Durante la “conviviale” numerosi sapienti greci, fra i quali Ateneo, discutono vari argomenti, come la filosofia, il diritto, la letteratura, le scienze, la danza, l’amore, la gastronomia. Quest’ultimo tema favorì l’attestazione ad Alceo del detto “In vino veritas”.
Anche lo storico Erodoto di Alicarnasso (antica città Stato greca, facente parte dell’attuale Turchia), vissuto dal 484 a. C. al 425 a. C., testimonia l’effetto del vino. Scrisse, scherzando, che i Persiani deliberavano due volte l’anno: una da sobri e una da ubriachi, per verificare la verità delle decisioni.

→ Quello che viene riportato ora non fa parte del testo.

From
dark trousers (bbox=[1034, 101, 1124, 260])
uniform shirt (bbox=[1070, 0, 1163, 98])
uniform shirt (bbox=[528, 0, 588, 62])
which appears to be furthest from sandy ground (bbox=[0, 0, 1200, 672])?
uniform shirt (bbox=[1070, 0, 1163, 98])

Comunque, l'opinione che il vino liberi la parola e faccia dire la verità è attestata nell’antica cultura greca.
Il noto scrittore e politico Plinio il Vecchio nella “Naturalis Historia” allude al legame tra il vino e la verità: “veritas iam attributa vino est” = Nel vino la verità.

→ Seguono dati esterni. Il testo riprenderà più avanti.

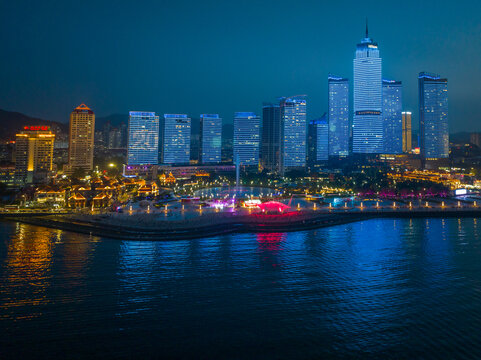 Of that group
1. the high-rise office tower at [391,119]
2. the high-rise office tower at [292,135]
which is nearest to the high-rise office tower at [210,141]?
the high-rise office tower at [292,135]

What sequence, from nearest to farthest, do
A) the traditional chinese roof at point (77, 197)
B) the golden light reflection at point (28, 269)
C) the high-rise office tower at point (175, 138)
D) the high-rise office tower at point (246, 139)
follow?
the golden light reflection at point (28, 269), the traditional chinese roof at point (77, 197), the high-rise office tower at point (175, 138), the high-rise office tower at point (246, 139)

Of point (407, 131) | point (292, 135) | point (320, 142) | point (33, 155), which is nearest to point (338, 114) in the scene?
point (320, 142)

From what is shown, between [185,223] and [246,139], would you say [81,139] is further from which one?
[185,223]

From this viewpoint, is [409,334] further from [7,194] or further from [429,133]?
[429,133]

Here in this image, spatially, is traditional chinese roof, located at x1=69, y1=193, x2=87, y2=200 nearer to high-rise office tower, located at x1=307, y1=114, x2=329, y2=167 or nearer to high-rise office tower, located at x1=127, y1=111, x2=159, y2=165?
high-rise office tower, located at x1=127, y1=111, x2=159, y2=165

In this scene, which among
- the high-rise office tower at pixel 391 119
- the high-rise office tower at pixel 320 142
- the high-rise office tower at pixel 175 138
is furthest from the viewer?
the high-rise office tower at pixel 391 119

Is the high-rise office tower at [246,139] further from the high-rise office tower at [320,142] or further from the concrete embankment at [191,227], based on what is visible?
the concrete embankment at [191,227] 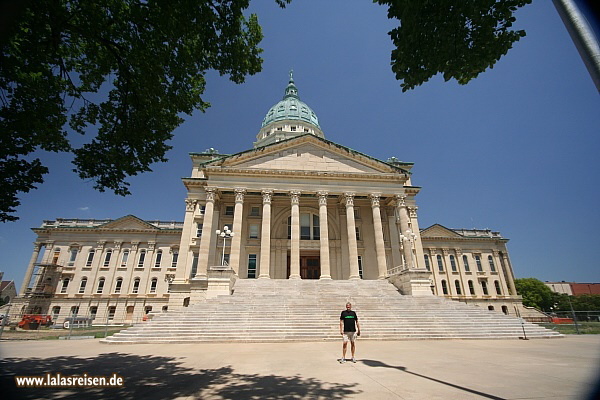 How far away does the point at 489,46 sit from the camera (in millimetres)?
5949

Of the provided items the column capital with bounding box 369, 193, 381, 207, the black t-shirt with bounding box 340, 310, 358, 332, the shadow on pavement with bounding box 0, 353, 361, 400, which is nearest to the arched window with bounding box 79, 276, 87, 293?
the shadow on pavement with bounding box 0, 353, 361, 400

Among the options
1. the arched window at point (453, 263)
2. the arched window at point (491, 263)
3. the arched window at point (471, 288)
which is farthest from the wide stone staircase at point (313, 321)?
the arched window at point (491, 263)

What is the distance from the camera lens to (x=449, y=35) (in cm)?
596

Nel XIX secolo il filosofo e teologo danese Søren Kierkegaard (1813 – 1855), considerato uno dei padri dell’esistenzialismo, nel suo saggio del 1845 titolato: “Stadi sul cammino della vita”, distingue lo stadio estetico, lo stadio etico e lo stadio religioso. Il testo è una parodia del “Simposio” di Platone: cinque dandy di Copenaghen organizzano un banchetto gastronomico che simboleggia la festa dei sensi e della conversazione. I partecipanti devono tenere un discorso sull’amore dopo aver bevuto il vino.

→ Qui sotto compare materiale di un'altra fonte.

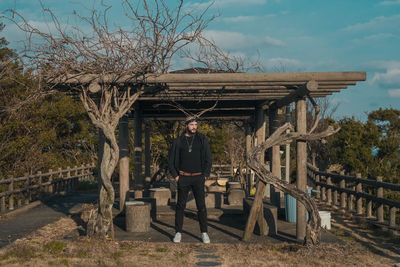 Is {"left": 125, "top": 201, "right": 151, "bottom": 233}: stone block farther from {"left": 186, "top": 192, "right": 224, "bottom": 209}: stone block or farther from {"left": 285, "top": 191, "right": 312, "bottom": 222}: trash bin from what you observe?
{"left": 285, "top": 191, "right": 312, "bottom": 222}: trash bin

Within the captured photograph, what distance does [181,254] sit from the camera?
6941 millimetres

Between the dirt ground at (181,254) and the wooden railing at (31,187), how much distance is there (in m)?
5.47

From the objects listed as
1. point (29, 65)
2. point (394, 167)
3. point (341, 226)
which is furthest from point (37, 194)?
point (394, 167)

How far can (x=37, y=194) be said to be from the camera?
16.8m

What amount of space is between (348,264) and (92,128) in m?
23.7

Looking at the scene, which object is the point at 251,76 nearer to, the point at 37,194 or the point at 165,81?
the point at 165,81

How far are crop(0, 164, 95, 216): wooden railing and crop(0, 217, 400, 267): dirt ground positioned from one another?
5.47 meters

Sugli effetti del vino si sofferma anche Giacomo Leopardi. In una lettera inviata al padre da Bologna il 20 febbraio 1826 elogia i vini ottenuti dalle uve coltivate nella fattoria di famiglia, ancor oggi prodotti a “San Leopardo”, confrontandoli con i “vini fatturati e pessimi” distribuiti a Bologna.
Il vino come leggero nepente per sopportare ogni sofferenza è nella conclusione del “Dialogo di Torquato Tasso e del suo Genio familiare”, scritto da Leopardi. In questo testo moraleggiante il "recanatese" esplora i temi dell'infelicità e della nostalgia, riflette sulla vita del predetto poeta rinascimentale.